Your task →
The finished copy should match every record exactly and contain no pictures.

── Records for the task ──

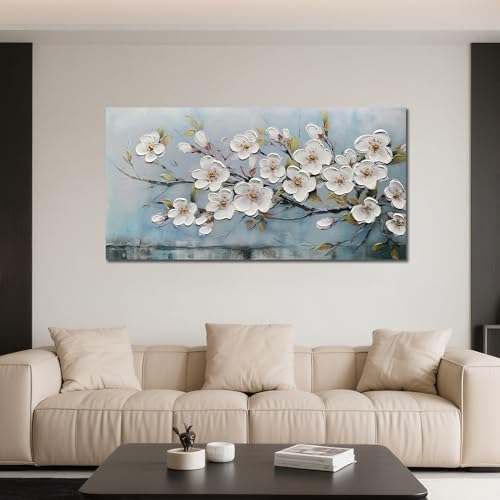Anolyfi Cherry Blossom Flowers Textured Wall Art - Image 6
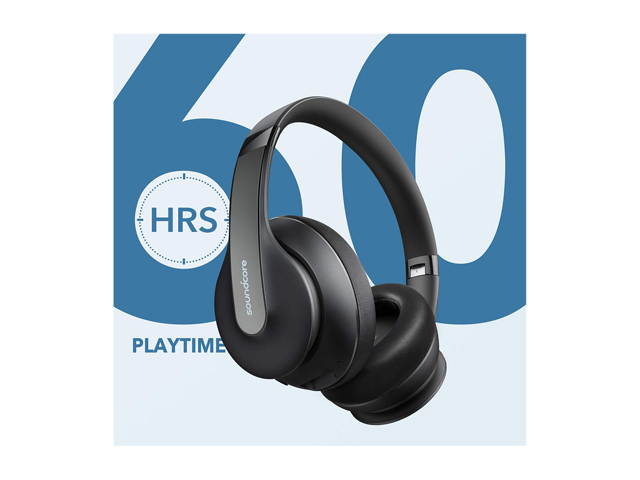 Anker Soundcore Life Q10 Wireless Bluetooth Headphones, Over Ear and Foldable, Hi-Res Certified Sound, 60-Hour Playtime and Fast USB-C Charging, Deep Bass, Aux Input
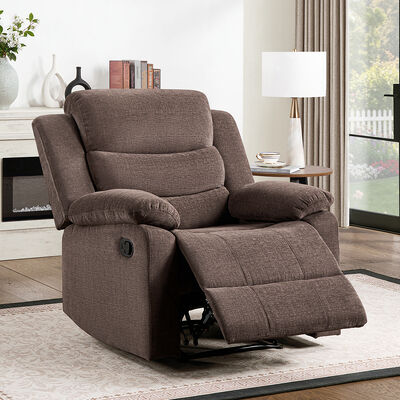Recliner Chair, Brown Fabric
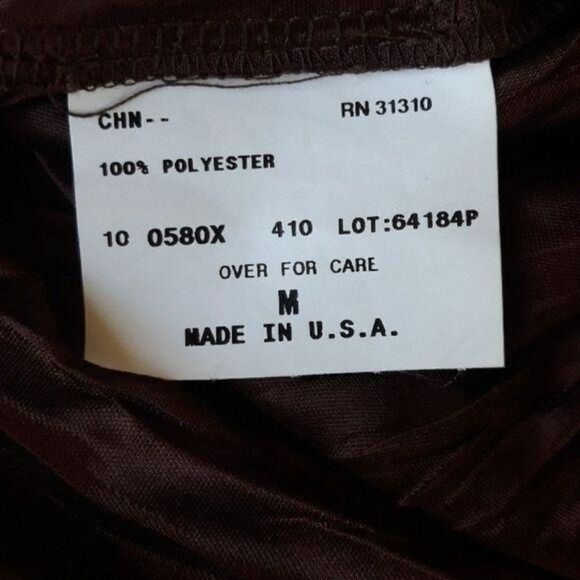 Vtg 90s Mini Dress Accordion Crinkle Pleat Empire Knot Flapper Chocolate Sz M - Picture 8 of 8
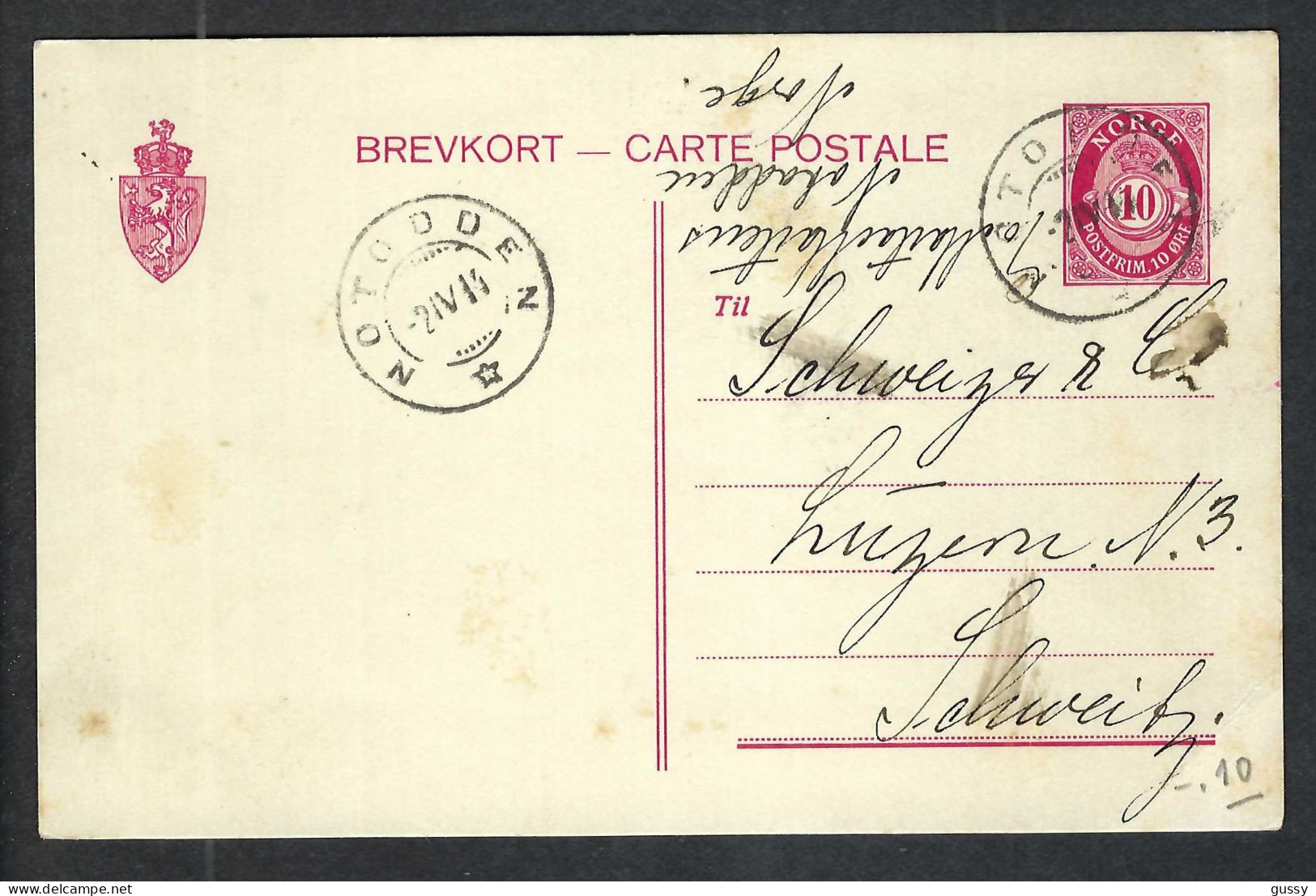 NORVEGE Ca.1914: CP Entier De 10o. De Notodden Pour Lucerne (Suisse) - Entiers Postaux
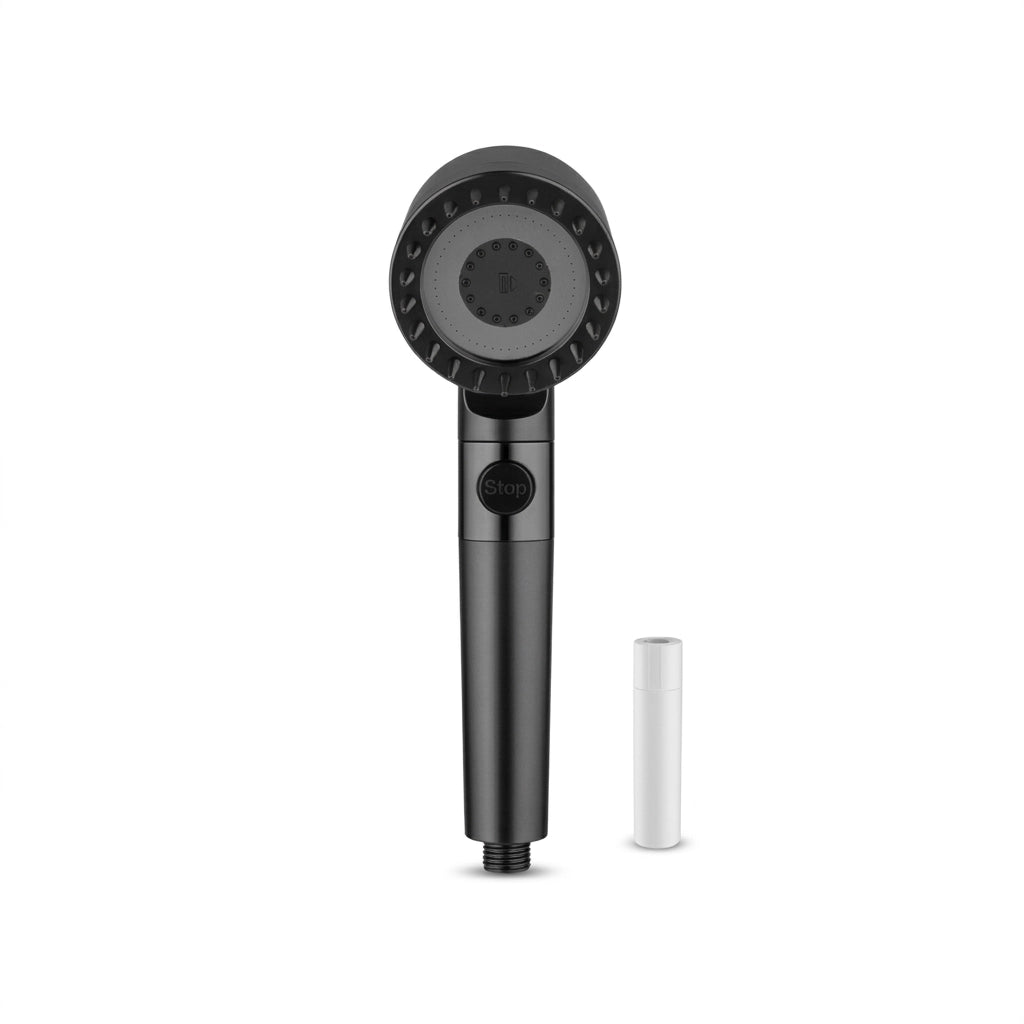 Pommeau de douche noir stop eau avec brosse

───

Task answer →
Anolyfi Cherry Blossom Flowers Textured Wall Art - Image 6
 Anker Soundcore Life Q10 Wireless Bluetooth Headphones, Over Ear and Foldable, Hi-Res Certified Sound, 60-Hour Playtime and Fast USB-C Charging, Deep Bass, Aux Input
Recliner Chair, Brown Fabric
 Vtg 90s Mini Dress Accordion Crinkle Pleat Empire Knot Flapper Chocolate Sz M - Picture 8 of 8
 NORVEGE Ca.1914: CP Entier De 10o. De Notodden Pour Lucerne (Suisse) - Entiers Postaux
 Pommeau de douche noir stop eau avec brosse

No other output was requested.